__WORK INSTRUCTIONS__
Which lines below include the string "with"? Please show each one.

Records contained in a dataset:
☆ ☆ ☆ ☆ ☆
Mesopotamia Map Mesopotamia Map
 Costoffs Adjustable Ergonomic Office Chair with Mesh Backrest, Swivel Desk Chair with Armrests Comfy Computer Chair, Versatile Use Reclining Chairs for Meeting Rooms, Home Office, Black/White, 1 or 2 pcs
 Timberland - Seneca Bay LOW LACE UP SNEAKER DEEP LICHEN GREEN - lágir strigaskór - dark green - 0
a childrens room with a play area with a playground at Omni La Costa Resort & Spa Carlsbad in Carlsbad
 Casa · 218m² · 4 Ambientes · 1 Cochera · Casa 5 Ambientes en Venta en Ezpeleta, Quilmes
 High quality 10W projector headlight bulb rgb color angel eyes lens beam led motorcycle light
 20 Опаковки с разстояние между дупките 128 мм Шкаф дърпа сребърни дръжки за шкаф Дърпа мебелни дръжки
☆ ☆ ☆ ☆ ☆
__YOUR SOLUTION__
 Costoffs Adjustable Ergonomic Office Chair with Mesh Backrest, Swivel Desk Chair with Armrests Comfy Computer Chair, Versatile Use Reclining Chairs for Meeting Rooms, Home Office, Black/White, 1 or 2 pcs
a childrens room with a play area with a playground at Omni La Costa Resort & Spa Carlsbad in Carlsbad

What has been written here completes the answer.